Lisa Duhm hat deswegen vor schon drei Jahren ein Buch geschrieben, das heute noch so aktuell ist wie 2021 wenn nicht sogar noch aktueller. Es richtet sich an Jugendliche ab circa 12 Jahren und das ist häufig leider auch schon ein Alter, in dem sich junge Menschen häufig radikalisieren. Diese Radikalisierung geschieht oft schleichend, wie bei Influencerin Juli. Juli ist keine echte Person, damit hier nicht unnötig Reichweite generiert wird, aber Juli ist vielen echten, rechten Influencern nachempfunden.

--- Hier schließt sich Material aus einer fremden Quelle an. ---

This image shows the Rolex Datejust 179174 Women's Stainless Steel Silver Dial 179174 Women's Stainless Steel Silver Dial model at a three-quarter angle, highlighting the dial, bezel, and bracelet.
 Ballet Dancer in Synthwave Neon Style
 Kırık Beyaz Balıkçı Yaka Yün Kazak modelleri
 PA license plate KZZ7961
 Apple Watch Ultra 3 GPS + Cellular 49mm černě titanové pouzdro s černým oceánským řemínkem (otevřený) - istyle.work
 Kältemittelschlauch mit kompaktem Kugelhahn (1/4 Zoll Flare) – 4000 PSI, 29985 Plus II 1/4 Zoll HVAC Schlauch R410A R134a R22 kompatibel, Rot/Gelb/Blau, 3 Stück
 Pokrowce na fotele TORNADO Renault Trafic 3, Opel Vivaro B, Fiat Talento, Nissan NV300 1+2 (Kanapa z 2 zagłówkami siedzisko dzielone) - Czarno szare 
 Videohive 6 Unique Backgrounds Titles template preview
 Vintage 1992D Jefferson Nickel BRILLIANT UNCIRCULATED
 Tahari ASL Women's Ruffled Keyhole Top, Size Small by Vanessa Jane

Nach Schminkvideos folgen erst einige, dann immer mehr Videos, die rechte Subtexte verbreiten. Erst recht, als sie mit Leo postet. Autorin Lisa Duhm zeigt in ihrem Buch sehr klar und nachvollziehbar, warum die Fans Juli wegen der emotionalen zu ihr in Schutz nehmen oder die rechten Narrative oftmals auch gar nicht erst erkennen. "Sie sind überall" bietet daher auch einen Abriss über solche Narrative wie antisemitische Verschwörungstheorien oder Ableismus. Und das Buch erklärt auch, wie die Algorithmus der Plattformen rechtsradikalen Content puschen. Duhm nutzt für all das eine klare, einfache und eingängige Sprache, so dass das Buch auch bei der Zielgruppe wie meinem 12jährigen Sohn sehr gut ankommt. Neben Juli als Projektionsfigur berichtet im Buch auch ein echter Aussteiger aus der rechten Szene. Das alles macht das Buch unglaublich lebendig, trotz des ernsten Themas. Und zum Abschluss gibt es noch einen kleinen Test, bei dem die Leser*innen gucken können, was sie alles als rechts erkennen und wie sie sich verhalten würden.
Zugegeben, das Buch bietet mit 112 Seiten nur einen ersten Einstieg ins Thema den aber sehr gekonnt und umfassend. Viel zum Thema Rechtsradikale im Internet bietet auch "Die rechte Mobilmachung Wie radikale Netzaktivisten die Demokratie angreifen" von Patrick Stegemann und Sören Musyal.
Wichtiges Buch! Gerade weil es so ein brisantes Thema ist, sollten es Jugendliche lesen. Ich vergebe eine Leseempfehlung und 5 von 5 Sternen.